The object returned from this function depends on the argument to a. If the argument to a is an OptimizationProblem-class object, then the solution is returned as a logical vector showing the status of each planning unit in each zone. On the other hand, if the argument to a is an ConservationProblem-class object, then the type of object returned depends on the number of solutions generated and the type data used to represent planning unit costs in the argument to a.

numeric

vector containing the solution. Here, Each element corresponds to a different planning unit. If multiple solutions are generated, then the solution is returned as a list of numeric vectors.

matrix

containing numeric values for the solution. Here, rows correspond to different planning units, and fields (columns) correspond to different management zones.
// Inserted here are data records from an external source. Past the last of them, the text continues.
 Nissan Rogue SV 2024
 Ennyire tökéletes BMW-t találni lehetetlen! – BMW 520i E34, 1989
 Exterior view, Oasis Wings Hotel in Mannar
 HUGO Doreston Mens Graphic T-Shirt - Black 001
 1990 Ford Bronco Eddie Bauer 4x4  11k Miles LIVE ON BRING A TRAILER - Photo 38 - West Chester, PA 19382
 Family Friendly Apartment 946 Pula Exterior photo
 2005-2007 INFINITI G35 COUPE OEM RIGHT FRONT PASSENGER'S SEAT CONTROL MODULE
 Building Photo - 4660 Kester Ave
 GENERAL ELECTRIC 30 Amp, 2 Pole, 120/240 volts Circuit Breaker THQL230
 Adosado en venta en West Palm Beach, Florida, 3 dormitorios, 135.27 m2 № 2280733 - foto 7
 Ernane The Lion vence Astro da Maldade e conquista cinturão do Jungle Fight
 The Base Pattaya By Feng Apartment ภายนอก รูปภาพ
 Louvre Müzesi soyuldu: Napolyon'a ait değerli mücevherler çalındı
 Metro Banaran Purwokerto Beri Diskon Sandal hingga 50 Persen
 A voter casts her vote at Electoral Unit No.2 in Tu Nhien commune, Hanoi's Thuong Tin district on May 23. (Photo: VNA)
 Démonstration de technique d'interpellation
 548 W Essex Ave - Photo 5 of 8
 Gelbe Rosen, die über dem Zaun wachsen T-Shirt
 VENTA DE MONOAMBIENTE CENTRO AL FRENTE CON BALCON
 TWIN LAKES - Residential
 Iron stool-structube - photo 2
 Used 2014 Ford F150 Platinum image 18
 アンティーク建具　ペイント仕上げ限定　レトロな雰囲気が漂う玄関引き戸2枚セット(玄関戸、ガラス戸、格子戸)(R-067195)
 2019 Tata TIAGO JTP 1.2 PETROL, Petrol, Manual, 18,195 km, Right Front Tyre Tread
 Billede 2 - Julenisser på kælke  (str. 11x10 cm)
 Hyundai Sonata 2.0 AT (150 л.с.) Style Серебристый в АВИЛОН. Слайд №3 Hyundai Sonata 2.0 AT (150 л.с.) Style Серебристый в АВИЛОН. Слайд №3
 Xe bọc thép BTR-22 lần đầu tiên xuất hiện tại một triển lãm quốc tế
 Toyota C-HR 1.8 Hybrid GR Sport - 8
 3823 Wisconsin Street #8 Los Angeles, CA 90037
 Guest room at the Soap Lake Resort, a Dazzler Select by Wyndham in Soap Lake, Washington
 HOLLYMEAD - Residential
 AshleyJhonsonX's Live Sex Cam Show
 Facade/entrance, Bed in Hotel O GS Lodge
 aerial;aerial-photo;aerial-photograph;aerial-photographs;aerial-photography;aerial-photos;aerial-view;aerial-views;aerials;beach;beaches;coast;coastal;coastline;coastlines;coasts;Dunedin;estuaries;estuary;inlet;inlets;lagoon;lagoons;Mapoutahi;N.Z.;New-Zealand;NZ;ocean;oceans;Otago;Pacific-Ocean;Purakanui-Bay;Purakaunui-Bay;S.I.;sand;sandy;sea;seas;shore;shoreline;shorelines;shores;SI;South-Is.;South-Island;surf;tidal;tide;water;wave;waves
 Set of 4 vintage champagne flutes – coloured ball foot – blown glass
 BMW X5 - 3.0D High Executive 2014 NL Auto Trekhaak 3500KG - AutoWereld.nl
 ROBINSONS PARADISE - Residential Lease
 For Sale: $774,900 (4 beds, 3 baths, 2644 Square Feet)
If multiple solutions are generated, then the solution is returned as a list of matrix objects.

Raster-class

object containing the solution in pixel values. If the argument to x contains a single management zone, then a RasterLayer object will be returned. Otherwise, if the argument to x contains multiple zones, then a RasterStack-class object will be returned containing a different layer for each management zone. If multiple solutions are generated, then the solution is returned as a list of Raster objects.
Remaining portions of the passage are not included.